What needs to be done: Your answer should consist only of the lines below from the one with "WC indépendant : 1,29 m²" through the one with "29 Beden mavi Renk Mavi kadın jean pantolon", copied exactly.

Excerpted data:
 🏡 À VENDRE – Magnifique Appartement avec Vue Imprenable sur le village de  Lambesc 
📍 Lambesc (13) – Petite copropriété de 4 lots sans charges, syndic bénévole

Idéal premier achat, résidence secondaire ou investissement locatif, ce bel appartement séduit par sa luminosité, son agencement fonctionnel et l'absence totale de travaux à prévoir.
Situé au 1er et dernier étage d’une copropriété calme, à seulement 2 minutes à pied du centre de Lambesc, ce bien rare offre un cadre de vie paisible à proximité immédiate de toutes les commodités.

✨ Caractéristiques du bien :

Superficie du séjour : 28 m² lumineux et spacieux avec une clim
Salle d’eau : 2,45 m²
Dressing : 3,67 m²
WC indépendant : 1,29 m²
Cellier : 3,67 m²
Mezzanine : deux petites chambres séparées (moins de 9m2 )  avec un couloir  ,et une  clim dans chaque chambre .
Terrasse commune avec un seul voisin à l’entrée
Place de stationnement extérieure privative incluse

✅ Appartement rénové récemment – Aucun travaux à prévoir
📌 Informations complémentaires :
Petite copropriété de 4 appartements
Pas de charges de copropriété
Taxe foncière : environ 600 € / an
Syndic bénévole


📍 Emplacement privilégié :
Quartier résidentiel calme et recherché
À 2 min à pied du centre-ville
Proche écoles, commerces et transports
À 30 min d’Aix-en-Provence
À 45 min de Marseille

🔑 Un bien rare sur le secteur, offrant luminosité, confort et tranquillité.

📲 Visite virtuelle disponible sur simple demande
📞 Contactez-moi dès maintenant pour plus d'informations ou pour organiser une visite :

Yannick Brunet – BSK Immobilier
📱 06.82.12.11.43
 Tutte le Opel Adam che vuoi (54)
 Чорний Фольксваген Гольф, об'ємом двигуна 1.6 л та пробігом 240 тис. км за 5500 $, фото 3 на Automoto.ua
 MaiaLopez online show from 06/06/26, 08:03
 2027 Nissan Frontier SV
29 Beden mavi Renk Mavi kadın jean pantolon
* * *
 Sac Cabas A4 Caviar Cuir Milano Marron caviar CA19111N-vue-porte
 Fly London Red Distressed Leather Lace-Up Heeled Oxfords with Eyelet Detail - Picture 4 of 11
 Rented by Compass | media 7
* * *
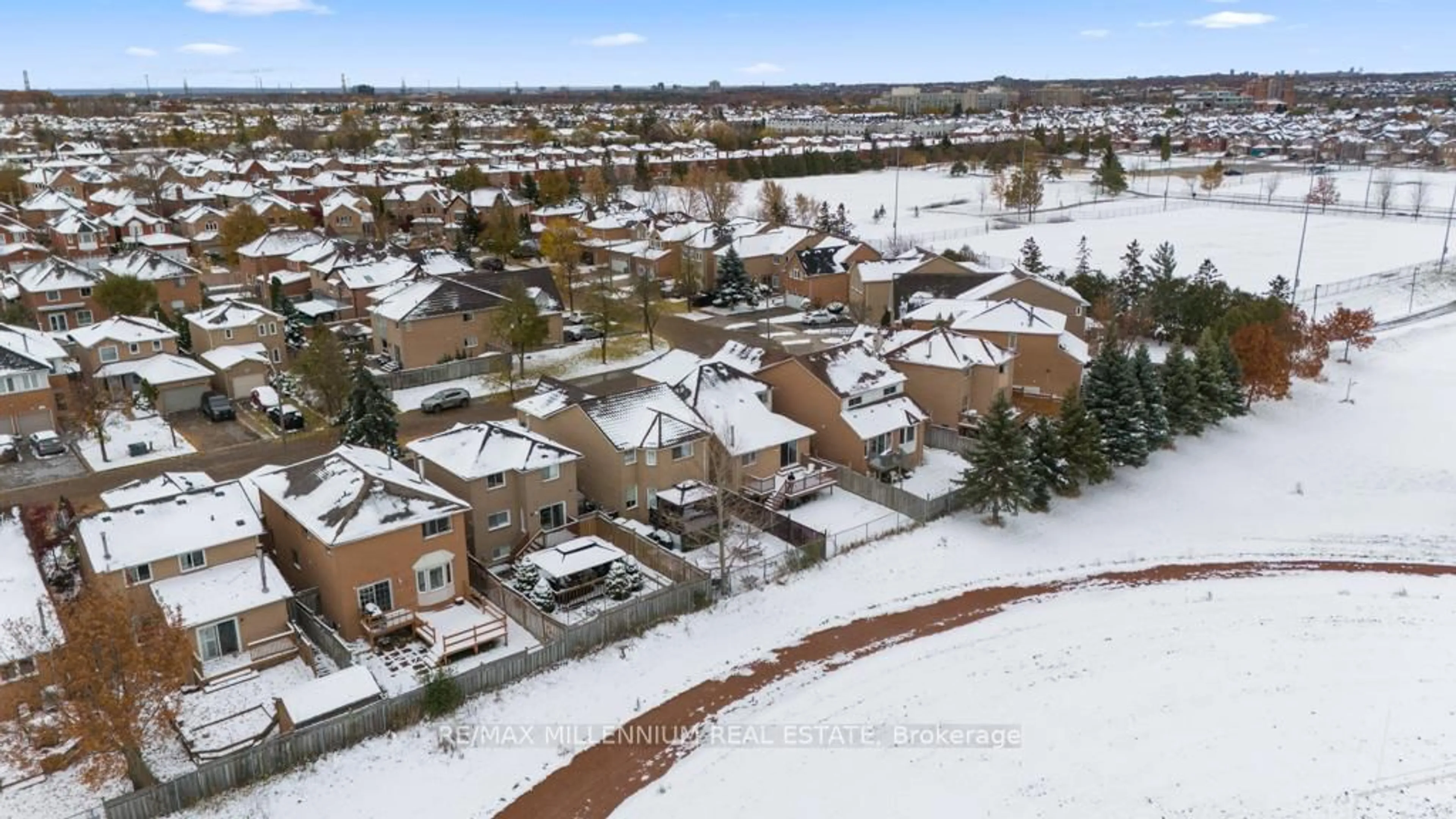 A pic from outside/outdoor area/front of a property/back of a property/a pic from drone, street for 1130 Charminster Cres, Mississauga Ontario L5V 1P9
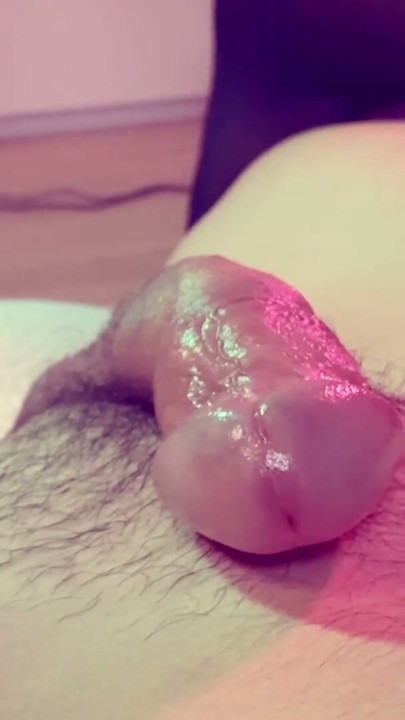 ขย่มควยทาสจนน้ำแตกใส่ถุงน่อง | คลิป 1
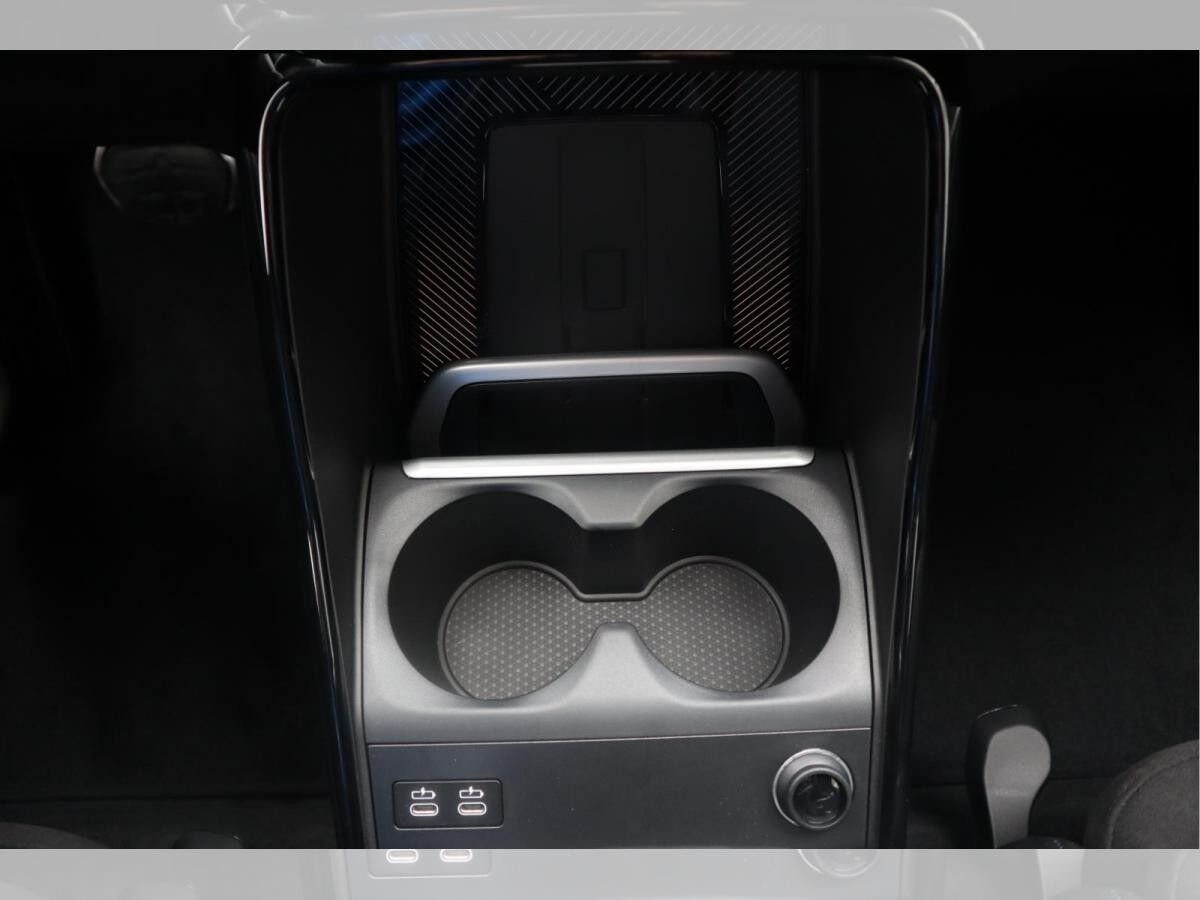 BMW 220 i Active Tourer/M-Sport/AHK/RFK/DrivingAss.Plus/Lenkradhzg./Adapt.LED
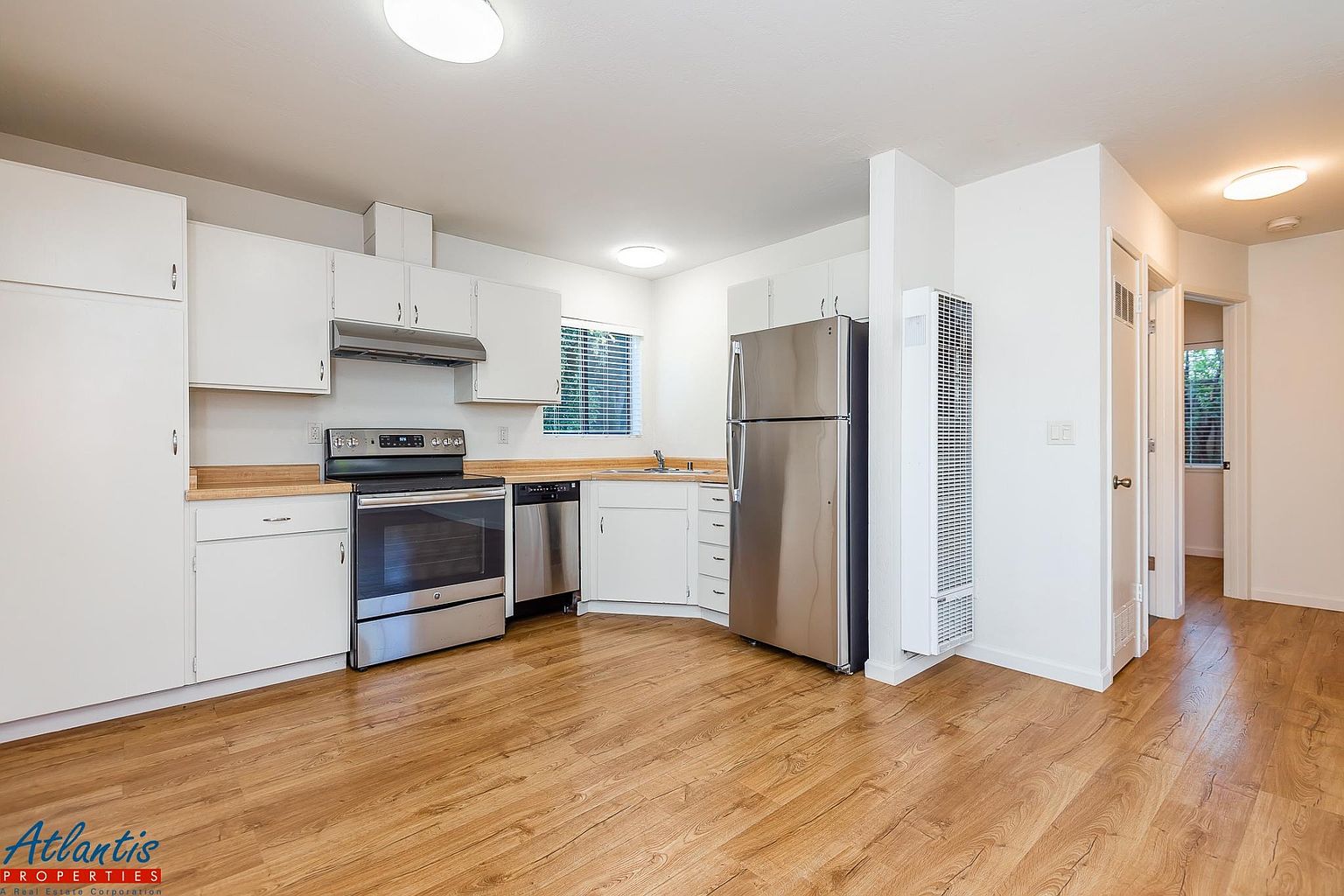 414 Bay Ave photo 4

Completed exercise:
WC indépendant : 1,29 m²
Cellier : 3,67 m²
Mezzanine : deux petites chambres séparées (moins de 9m2 )  avec un couloir  ,et une  clim dans chaque chambre .
Terrasse commune avec un seul voisin à l’entrée
Place de stationnement extérieure privative incluse

✅ Appartement rénové récemment – Aucun travaux à prévoir
📌 Informations complémentaires :
Petite copropriété de 4 appartements
Pas de charges de copropriété
Taxe foncière : environ 600 € / an
Syndic bénévole


📍 Emplacement privilégié :
Quartier résidentiel calme et recherché
À 2 min à pied du centre-ville
Proche écoles, commerces et transports
À 30 min d’Aix-en-Provence
À 45 min de Marseille

🔑 Un bien rare sur le secteur, offrant luminosité, confort et tranquillité.

📲 Visite virtuelle disponible sur simple demande
📞 Contactez-moi dès maintenant pour plus d'informations ou pour organiser une visite :

Yannick Brunet – BSK Immobilier
📱 06.82.12.11.43
 Tutte le Opel Adam che vuoi (54)
 Чорний Фольксваген Гольф, об'ємом двигуна 1.6 л та пробігом 240 тис. км за 5500 $, фото 3 на Automoto.ua
 MaiaLopez online show from 06/06/26, 08:03
 2027 Nissan Frontier SV
29 Beden mavi Renk Mavi kadın jean pantolon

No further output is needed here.